Ensayo breve de La Habana Grande - IV
Por: © Julio Pino Miyar

Especial para CARIBANIA_magazine

“El soñador ha visto que el mar se le ilumina,
y sueña que es la muerte una ilusión del mar”
Antonio Machado

IV

Alejo Carpentier definió a La Habana como poseedora del estilo de esas ciudades que carecen de estilo propio (el estilo de las ciudades que no tienen estilo, dijo aproximadamente) e hizo demasiado énfasis en los largos paseos de columnas que la Ciudad en algunas partes poseía.

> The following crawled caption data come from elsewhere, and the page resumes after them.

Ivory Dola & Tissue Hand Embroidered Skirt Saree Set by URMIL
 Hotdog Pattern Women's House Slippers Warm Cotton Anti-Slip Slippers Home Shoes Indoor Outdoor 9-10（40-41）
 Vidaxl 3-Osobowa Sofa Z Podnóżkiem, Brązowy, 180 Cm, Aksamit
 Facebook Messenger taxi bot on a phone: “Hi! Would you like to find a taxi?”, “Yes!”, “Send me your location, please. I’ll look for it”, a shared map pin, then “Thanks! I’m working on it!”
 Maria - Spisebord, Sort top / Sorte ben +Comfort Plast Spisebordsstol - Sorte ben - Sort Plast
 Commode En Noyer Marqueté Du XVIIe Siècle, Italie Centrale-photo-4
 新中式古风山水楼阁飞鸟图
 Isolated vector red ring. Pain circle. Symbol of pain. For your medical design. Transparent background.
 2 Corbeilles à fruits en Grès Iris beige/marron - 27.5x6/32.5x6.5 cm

La indefinición o la imposibilidad de establecer una definición arquitectónica clara, para una Ciudad conformada por constantes yuxtaposiciones, le hizo hablar al escritor de una patente falta de estilo que vendría a configurar, en la práctica, su particular modo de ser y de existir. Mas hay pocas ciudades en América que resuelvan sus dimensiones y sus conjuntos urbanos con la racionalidad con que los resuelve La Habana, nada más alejado de una anarquía de la distribución y el diseño se pueden apreciar en ella. Sus viejas calzadas son una obra maestra de la comunicación interior, concebidas para el tráfico automovilístico y al mismo tiempo para su mejor cosmovisión de índole estética. Eso es lo único que puede explicar que la Urbe siga siendo, hoy en día, una ciudad carente de grandes estancamientos de tráfico, a pesar de la agresividad con que se maneja y la evidente falta de un buen sistema operativo y permanente de señalizaciones.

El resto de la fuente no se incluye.